Gideon Wertheizer – Chief Executive Officer

Analysts

John Ahn – JPMorgan

John Ahn – JPMorgan

Okay. So, welcome everyone to the CEVA Meeting. My name is John Ahn and I am a semiconductor analyst here at JPMorgan. See CEVA is the leading licensor of DSP cores and platforms with a market cap about $385 million. Company develops and licenses its DSP technology for using, I think, mostly 2G, 3G, and 4G handsets at this point, but definitely diversifying into some other non-handset markets as well.

So, it is my pleasure to have the CEO of CEVA, Gideon Wertheizer here with us today. And I'd say we typically don't have the pleasure of hosting a non-US company much less somewhere all the way from Israel here. And I think maybe many of you are not very familiar with the CEVA story. So, I am going to let Gideon really devote a little bit more time than usual to introduce himself his company, his business, and then we'll just launch into Q&A today. Gideon?

Gideon Wertheizer – Chief Executive Officer

Yeah, good afternoon. For those of you that are not familiar with the CEVA story, we are what we call the IP company. If you look – think about other companies, very similar business model than our, more imagination, many could develop a piece of technology that is called DSP, digital signal processor and we license it to companies. When we license a technology, we charge or get the license fee, few hundred thousand to few million dollars depending on the business model. And they take this piece of technology integrated into their chip and when they sell their chip to their OEMs meaning handset is the place where we are, this is our space. They license. We are collecting royalty per chip few cents per each product.

Now, our main market is the baseband – the handset market, the stuff that you are familiar whether it's a smartphone, feature phone, and going forward, machine to machine. Our technology is basically generic in a way that you can find it in every phone that you know whether it's 2G phones that are going to into the emerging market and you have – they are in billions of units a year going to the 3G smartphone LTE. The DSP technology is something that you need in each of these products.

We have last year, they were more than 1.1 billion products that were sold or with our DSPs, we have 46% market share in handset meaning almost every two handset that is being sold today in the market has the CEVA DSP inside. This is a critical technology. With the DSP, you cannot do the – you need it for the communication purposes. Without the DSP, the handset cannot communicate, you cannot do a voice call, you cannot do a data call, you cannot do internet surfing, you need the DSP for this purpose. So, this is in a nutshell the space that we are.

John Ahn – JPMorgan

Okay, great. Thank you, Gideon. Thanks for that overview. Let's see – so, let's just start off with just I guess trying to get some market color for you. I mean, obviously with your revenue streams, I think you do see some very good visibility out there, just because you sign your license agreement. And I believe you recognize your revenues one quarter in your rears. So, like I said, I mean, you probably have some pretty good visibility into some of your end customers as well as their end customers. So, can you kind of give us a general idea of what you are seeing out there, especially in the – I think everybody is curious about what's going on in smartphones, handsets, overall communications?

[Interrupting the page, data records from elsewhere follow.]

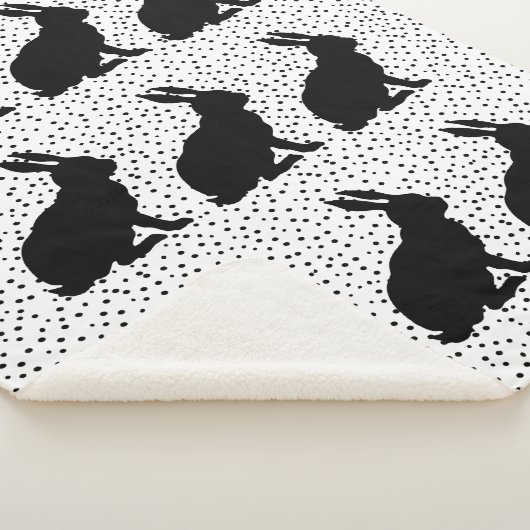 Gruppe sitzender Hasen mit schwarzer Silhouette Sherpadecke (3/4)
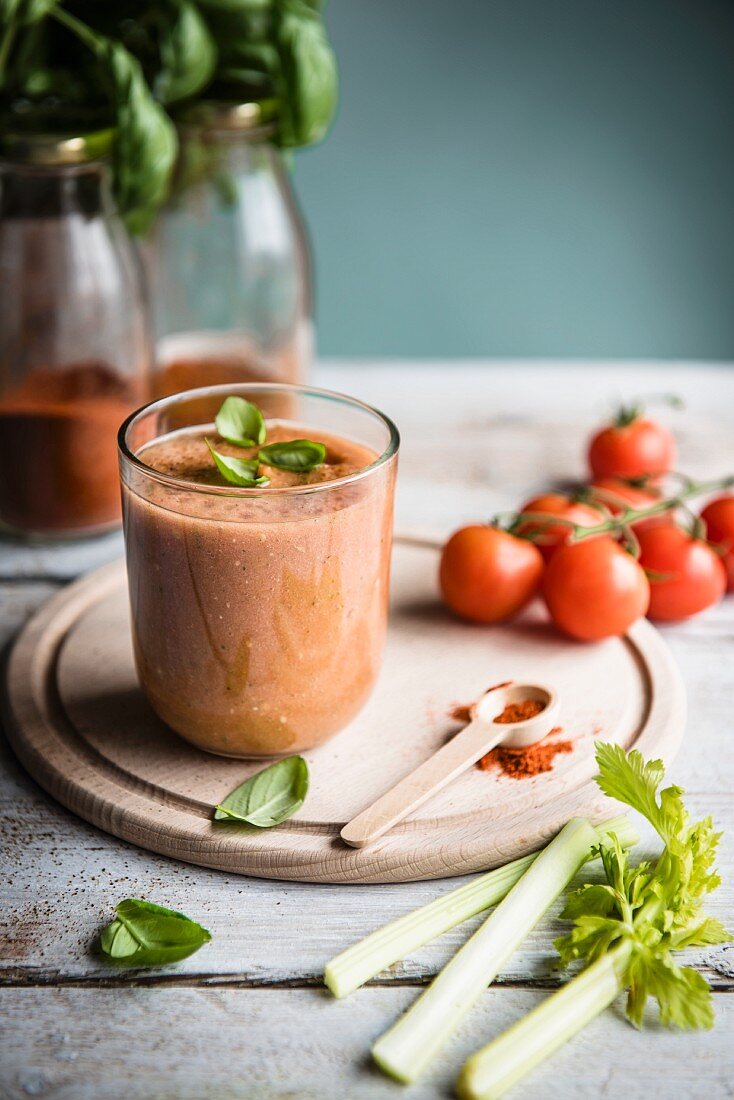 Ein Glas Tomaten-Smoothie mit frischen Basilikumblättern und Rispentomaten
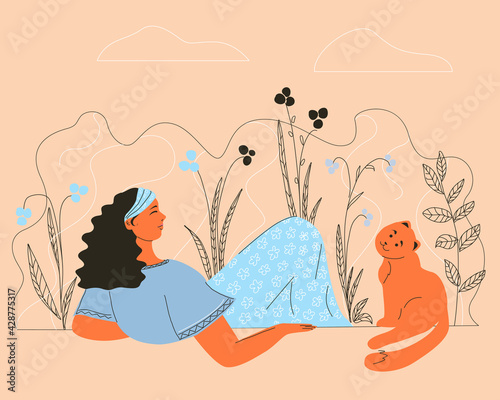 Girl with a cat resting on the grass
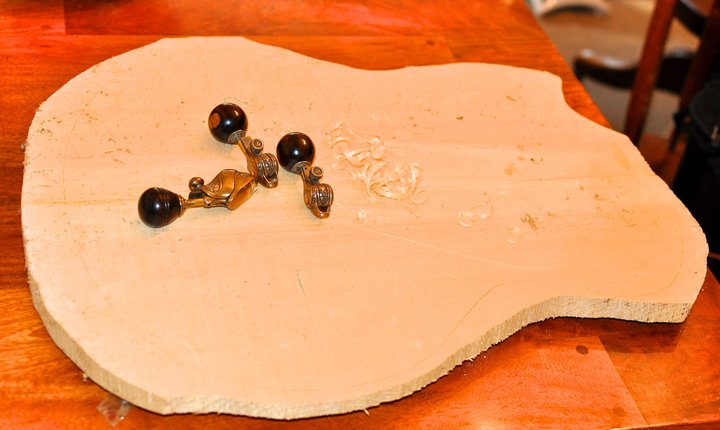 Chris Laarman finger planes on rough archtop top.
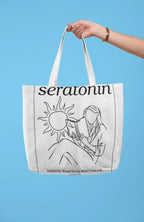 White tote bag held up by handles, featuring black sun-and-serotonin line artwork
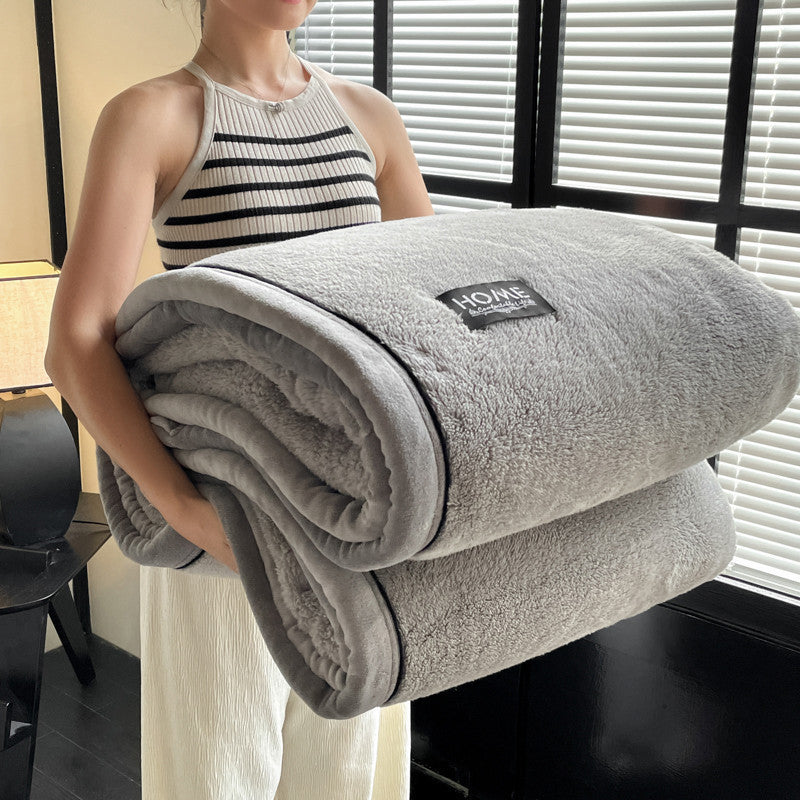 Person holding a folded gray blanket with a brand label in a room.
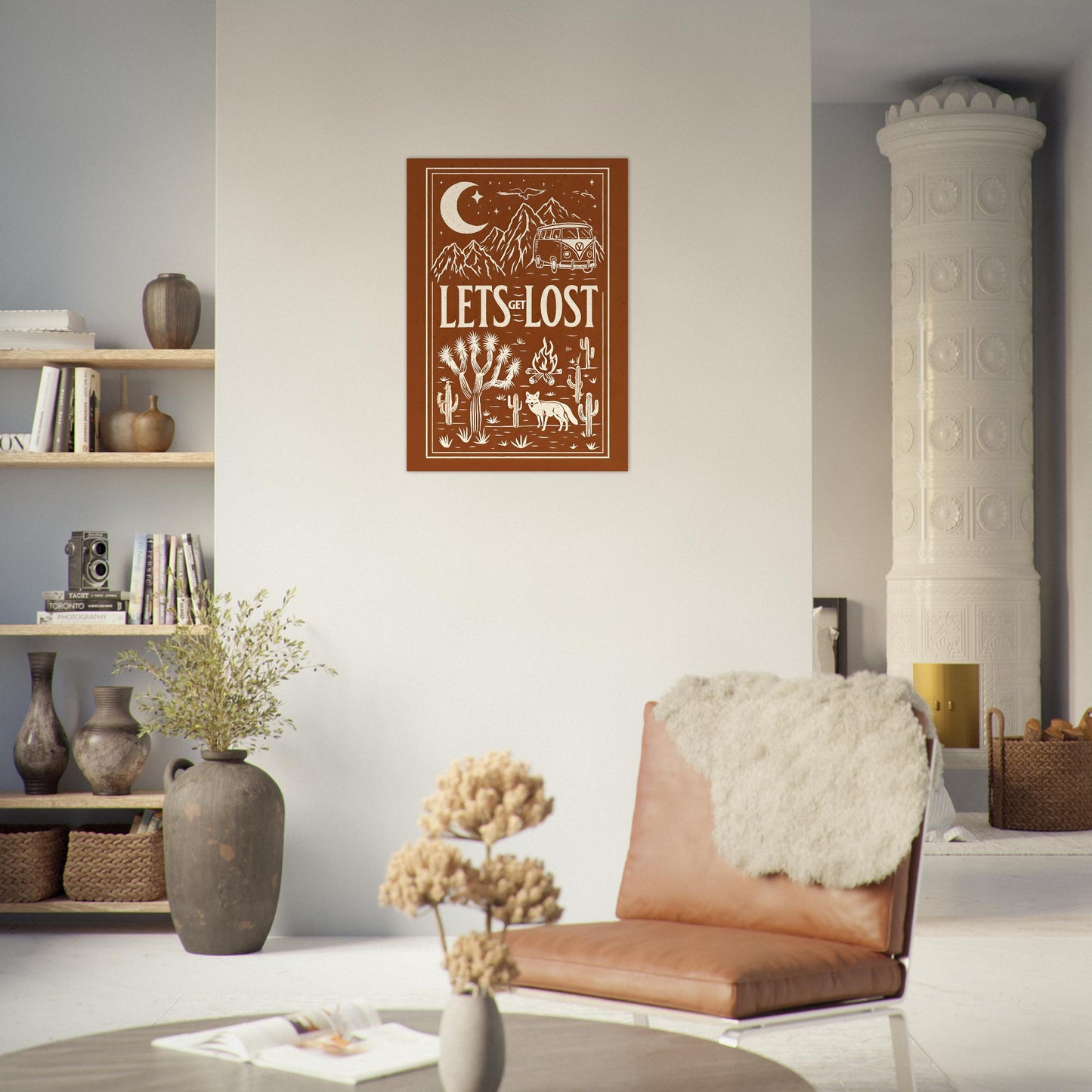 Decorative poster titled 'Let's Get Go Lost' in a living room setting with a brown leather chair and bookshelf.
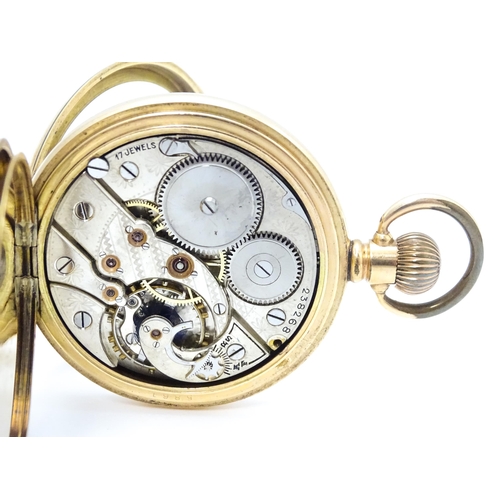 924 - A gold plated pocket watch with white enamel dial and subsidiary seconds dial, the 14ct gold plated ... 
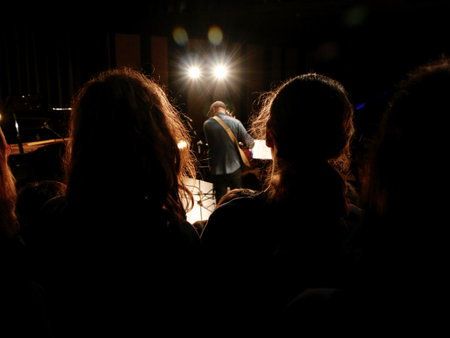 The guitarist in a concert. View behind people's silhouettes.の写真素材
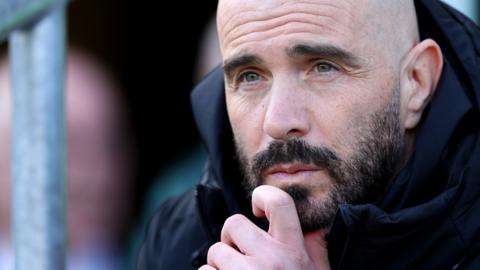 Enzo Maresca sits in the dugout during a Leicester City match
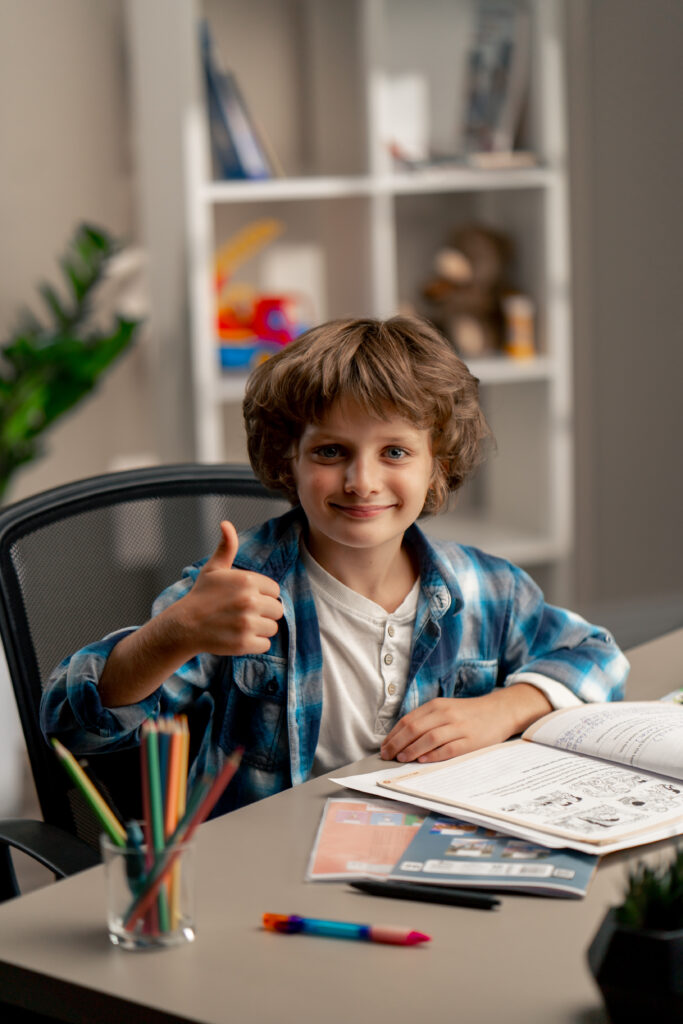 Nahaufnahme im Kinderzimmer: Ein Schüler in weißem Pullover und blau kariertem Hemd sitzt am Schreibtisch, macht Hausaufgaben, schreibt in ein Heft und schaut in die Kamera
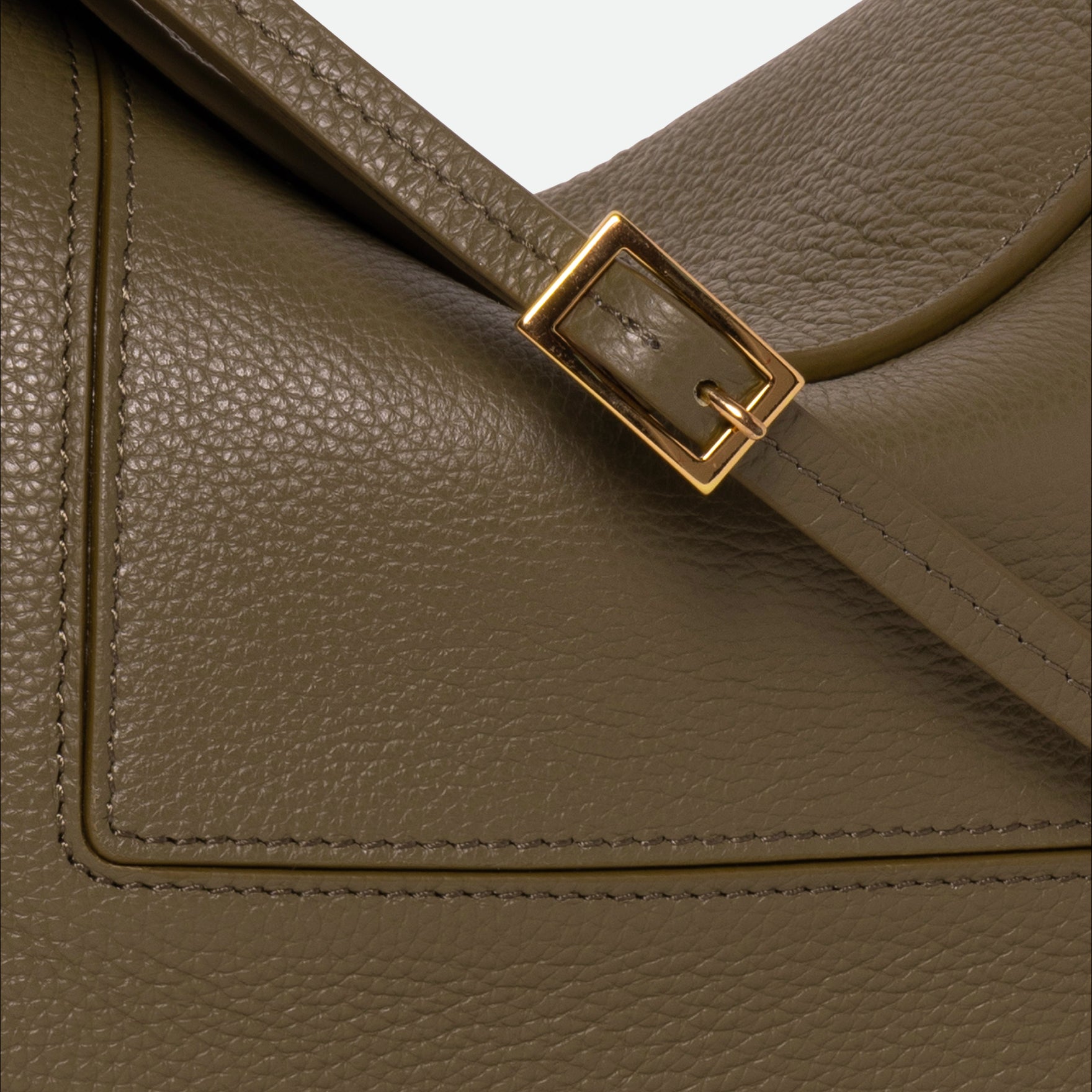 Wandler Penelope Slouch Bag in the color Olive Crust, green, made from smooth calf leather with golden hardware and adjustable slim strap, close up detailing the buckle, strap and leather.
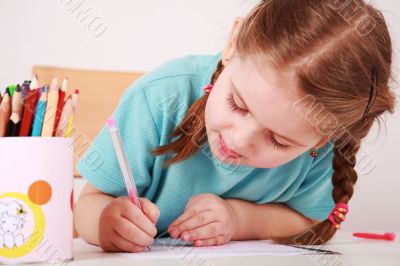 Cute little girl painting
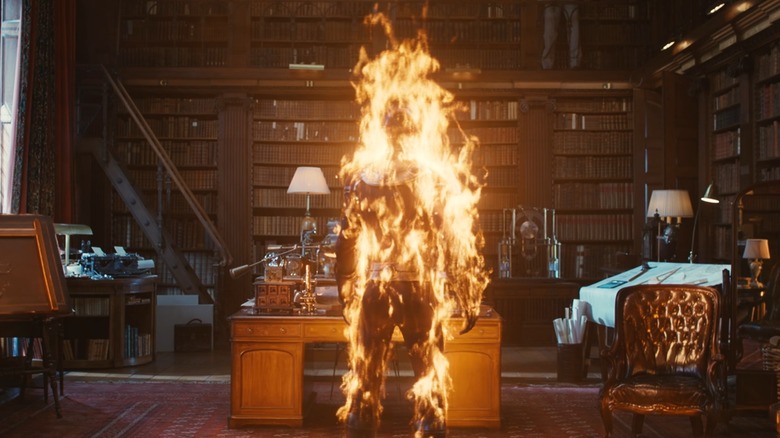 The Human Torch ablaze in a library in "VisionQuest" (2026)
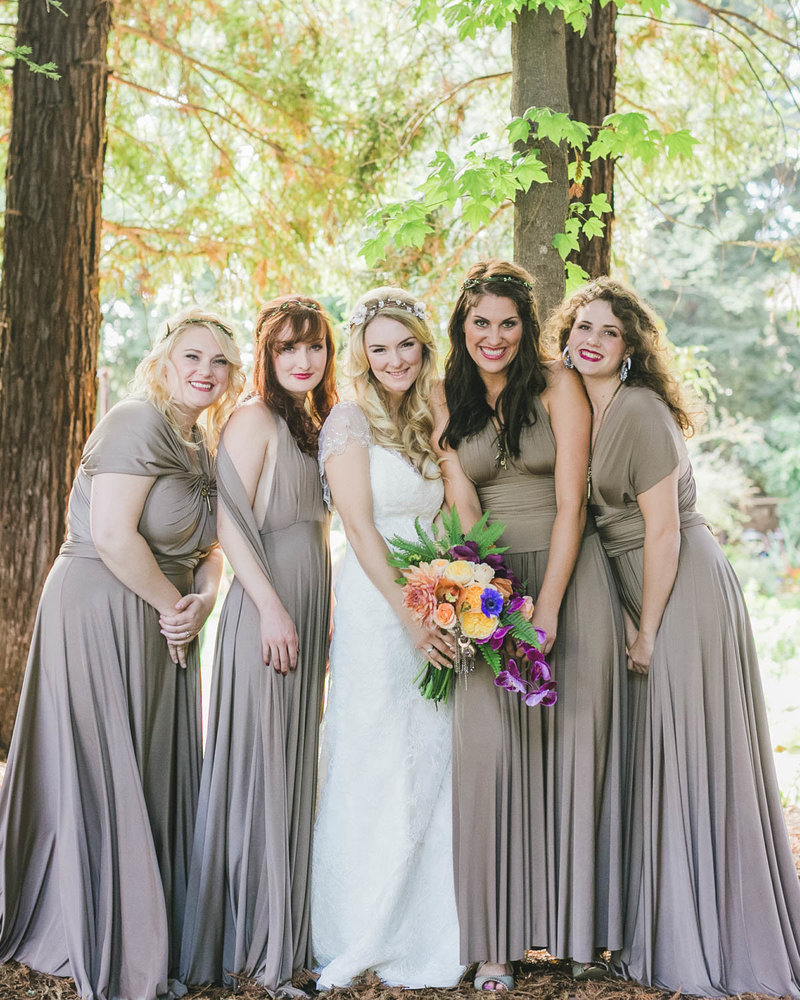 Bridesmaids surround Bride in the middle as they all smile at the camera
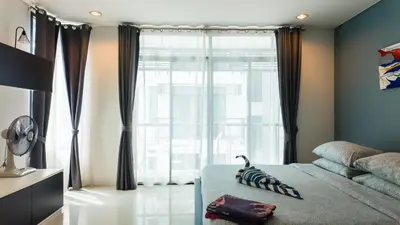 a bedroom with a bed and a large window at Apartment 2 bedrooms on Kamala in Phuket Town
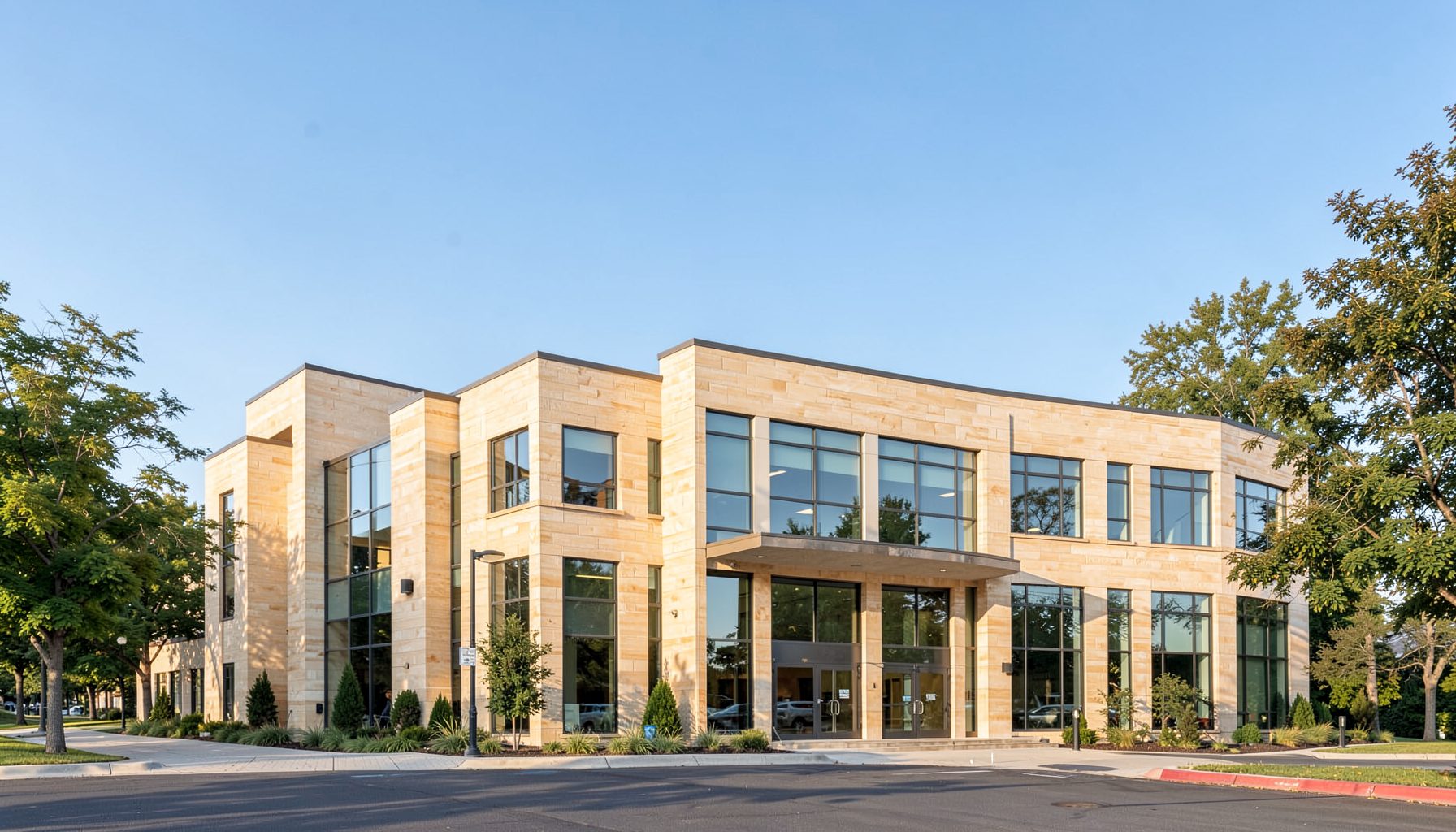A wide, softly lit view of a modern medical office building exterior with warm beige stone and large windows, set against a clear blue sky with gentle tree-lined surroundings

Gideon Wertheizer – Chief Executive Officer

Yeah. First of all, in terms of what you mentioned visibility, our revenue mix is composed of three components. First one is what is called the licensor. This is our deals that we sign every quarter for new licenses or existing licenses that take our technology and build our chip. Usually, whenever customers sign the license agreement, it gets to a design cycle which can take between 18 to 24 months before we are collecting royalties. So, that's one element.

The license fee as I mentioned few hundred thousand to few million dollars depending on the business model to have the specific customers. Then we have the royalty component. And that's the visibility that I think you mentioned we are collecting royalties per chip and that's – and because we work with many customers this give us the visibility because we are not tied to specific customer, that if something happened to this specific customer things will collapse. So, that's the other component. The third component relates to the technology itself customer that take the IP needs to have a maintenance agreement in order to guarantee supply. They are supporting them throughout the design cycle.

Now, in terms of the market and what's going to happen as I said we are – because of our DSP, we are in 46% of the phones or basically in every phone, you have a baseband technology. The market, in general, is segmented to three categories, the 2G or the second generation cellular, these are voice phones that are capable to do texting and voice and also all sort of browsing like Facebook or Twitter and things like this. So, this is mainly in the emerging economy, China, India, Latin America, Eastern Europe, billions of unit, the size of this market on an annual basis, it's about 1.3 billion units a year. The overall market by the way is 2.2. So, still the lion's share of the market is 2G.

The second category is the 3G, most of the smartphone that you own – I believe most of you has the smartphones. This is a 3G third generation cellular. This is the majority of the market and this market going into a transition. And the transition is for voice – for what is called feature phones that are not smartphone to a smartphone in order to go to a smartphone to the mass-market in the 3G space even in places like Europe, U.S., you have to reduce the prices, the smartphone today that you own Apple or Galaxy, these are all 600 and above our retail price. You got it towards the subsidies, but you pay for it throughout the contract. So, the 3G segment is going into sub $300 smartphones that when you go to this price the scale that you can get is much higher and that's the point that we – our customer are getting. Today, in the 3G market, there is one income, but this is Qualcomm, it owns more than 50%. Two years ago, Qualcomm has close to 100%. One of the reason that their Qualcomm market shares goes down is because there are CEVA customer, companies by Broadcom, like Intel that are getting into this market with much cost, lower cost solutions that can drive the price of the smartphone down to the sub $300.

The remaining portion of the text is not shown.